Richard Guy Briggs <rgb(a)redhat.com> wrote:
Ok, can I get one more clarification on this "hierarchy"?
Is it roughly
in the order they appear in nf_tables_commit() after step 3? It appears
it might be mostly already. If it isn't already, would it be reasonable
to re-order them? Would you suggest a different order?
For audit purposes I think enum nf_tables_msg_types is already in the
most relevant order, the lower numbers being more imporant.

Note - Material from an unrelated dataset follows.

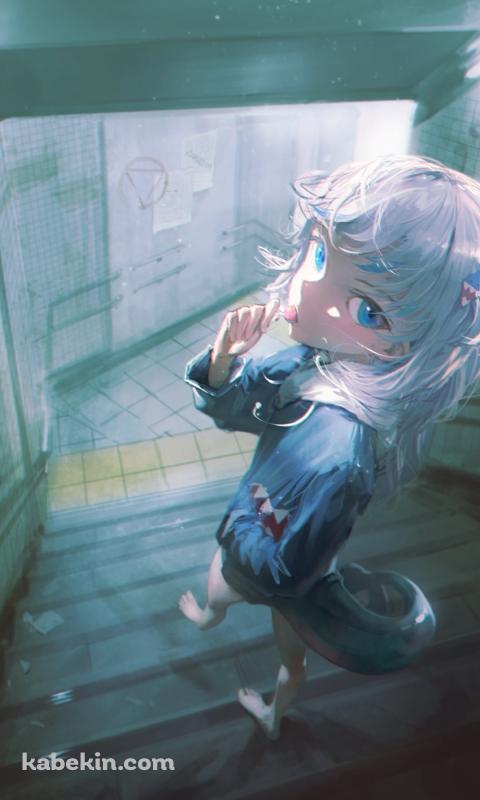 地下通路へ続く階段で飴をなめながら振り返るがうる・ぐら / ホロライブ / バーチャルYouTuber / VtuberのAndroidの壁紙(480px x 800px) スマホ用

So e.g. NEWTABLE would be more interesting than DELRULE, if both
are in same batch.
> > such that it would be desirable to filter them out
> > to reduce noise in that single log line if it is attempted to list all
> > the change ops? It almost sounds like it would be better to do one
> > audit log line for each table for each family, and possibly for each op
> > to avoid the need to change userspace. This would already be a
> > significant improvement picking the highest ranking op.
>
> I think i understand what you'd like to do. Yes, that would reduce
> the log output a lot.
Would the generation change id be useful outside the kernel?
Yes, we already announce it to interested parties via nfnetlink.
What
exactly does it look like?
Its just a u64 counter that gets incremented whenever there is a change.
I don't quite understand the genmask purpose.
Thats an implementation detail only. When we process a transaction,
changes to the ruleset are being made but they should not have any
effect until the entire transaction is processed.
So there are two 'generations' at any time:
1. The active ruleset
2. The future ruleset
2) is what is being changed/modified.
When the transaction completes, then the future ruleset becomes
the active ruleset. If the transaction has to be aborted, the
pending changes are reverted and the genid/genmasks are not changed.